12:00pm – We just caught our first shark. My future bro-in-law David has been reeling it in for 20 minutes. I get out of my chair to snap a picture of it with my phone (see right). Right after doing so, the pocket of my sweatshirt gets caught on the throttle and sends the boat into reverse. Captain Charlie starts cussing at me (like a sailor) “What the hell are you doing?? Who the @&!# stands next to the controls!!! Get the BLEEP out of the way”. Not only am I the guy who’s been puking, but I nearly cause a catastrophe by screwing with the boat’s controls. I’m convinced this stuff only happens to me.
12:15pm – After 45 minutes, David reels the 8-foot blue shark up to the boat and we release it.

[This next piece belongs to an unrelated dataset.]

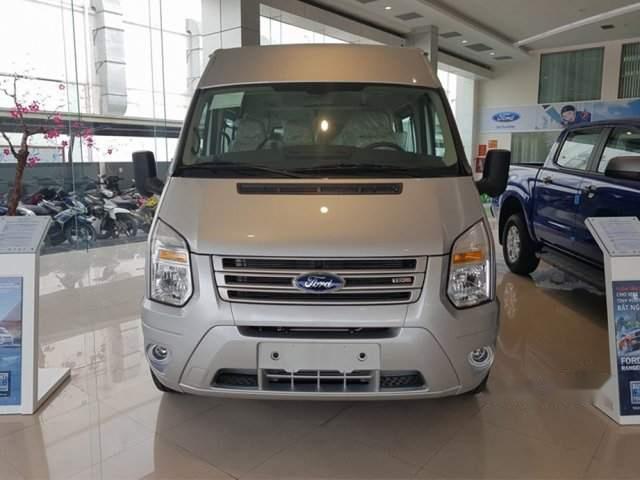 Bán xe Ford Transit 2019, màu bạc, giá tốt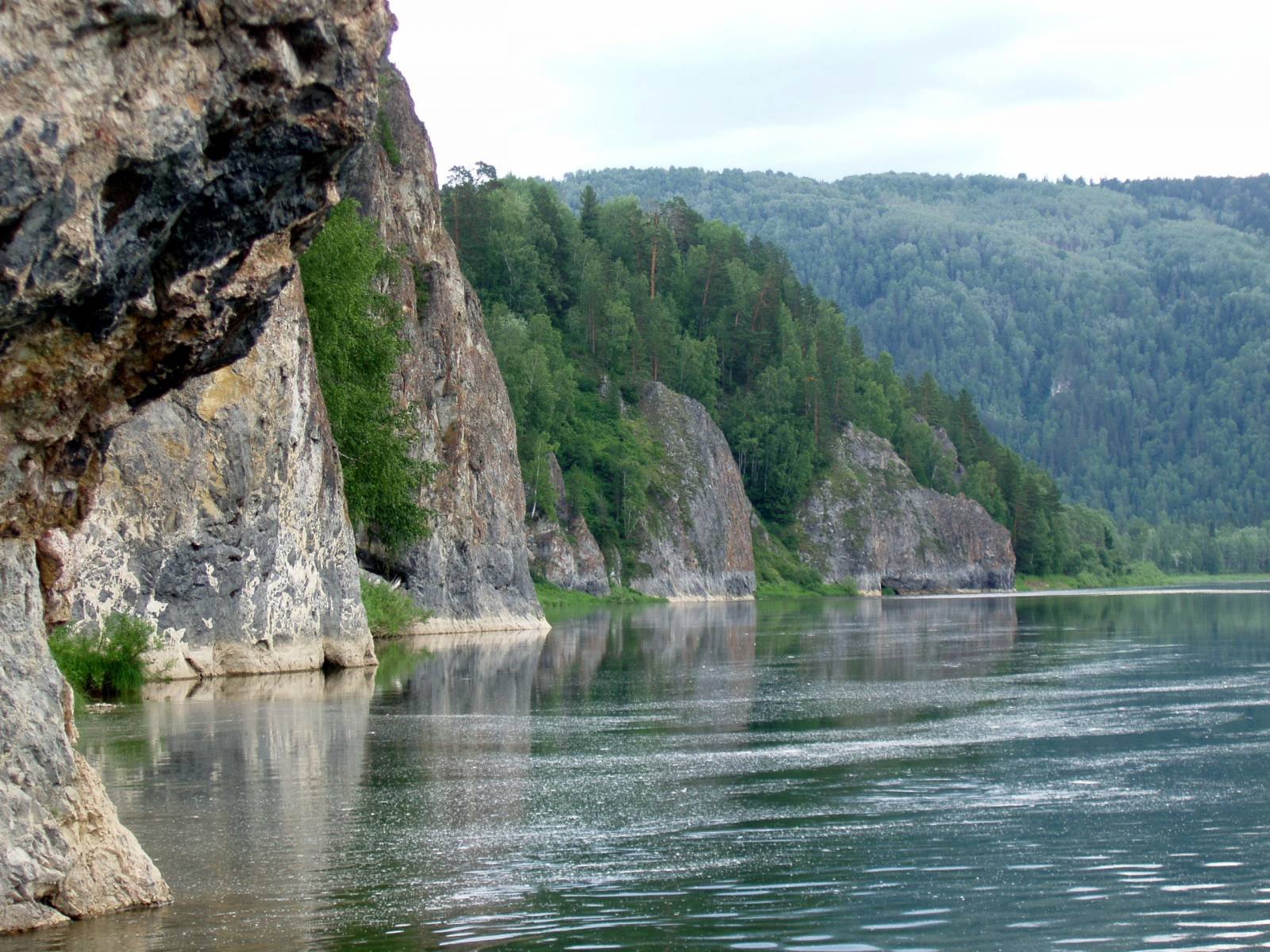 Кузбасс фото. Река Мрассу Горная Шория. Горная Шория Междуреченск. Река Мрас-Су в Кемеровской области. Сплав по реке кия Кемеровская область.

I am sitting in the corner of the boat after the verbal beating I took from Captain Charlie. I will not come within 15 feet of the boat’s controls for the rest of the day.
1:00pm – We caught another blue shark, this time Michael (my hero) and another guy reeled it in. I should also mention that 2 other guys have puked. Pretty sure they just didn’t want me to feel bad. Let it be known that I was the first though…I carried that burden for everyone else. That’s what Jon Acuff calls “giving the gift of going second”.
2:00pm – We decide to ditch the shark fishing and go catch some blue fish. I’m still feeling queasy, but not in danger of puking. It’s pouring outside but I can’t go in the cabin because it will instantly make me sick. So much for the sun burning through the clouds. “You guys picked a helluva day to come out here,” Captain Charlie says, “roughest day of the summer so far.” Of course it is.
2:30pm – My socks and sneakers have been soaked for 8 hours now. I’ve been up since 4:30am. My stomach is beyond empty and I’m dehydrated, and we still have 2 hours on this boat. But I’m suddenly not feeling sick anymore! 8 hours in and I have my sea legs!
3:30pm – I reel in a blue fish decent sized blue fish. We’ll catch about 20 of them before heading back to shore. While I’m nowhere near the point of regaining my dignity, at least I can say I caught something other than a cold.
4:30pm – Dry land. My first (and last) deep sea fishing trip has come to an end. I need a hug from my wife.
Thanks to David for getting married to my sister and making this bachelor party (and blog post) possible. Thanks to Michael for making sure I didn’t lose my mind for the first 6 hours of that trip. Thanks to Captain Charlie for the cussing out.
I love you all…except maybe for Charlie.
(anyone else have a rough seasickness story to share? I’d love to hear about it.)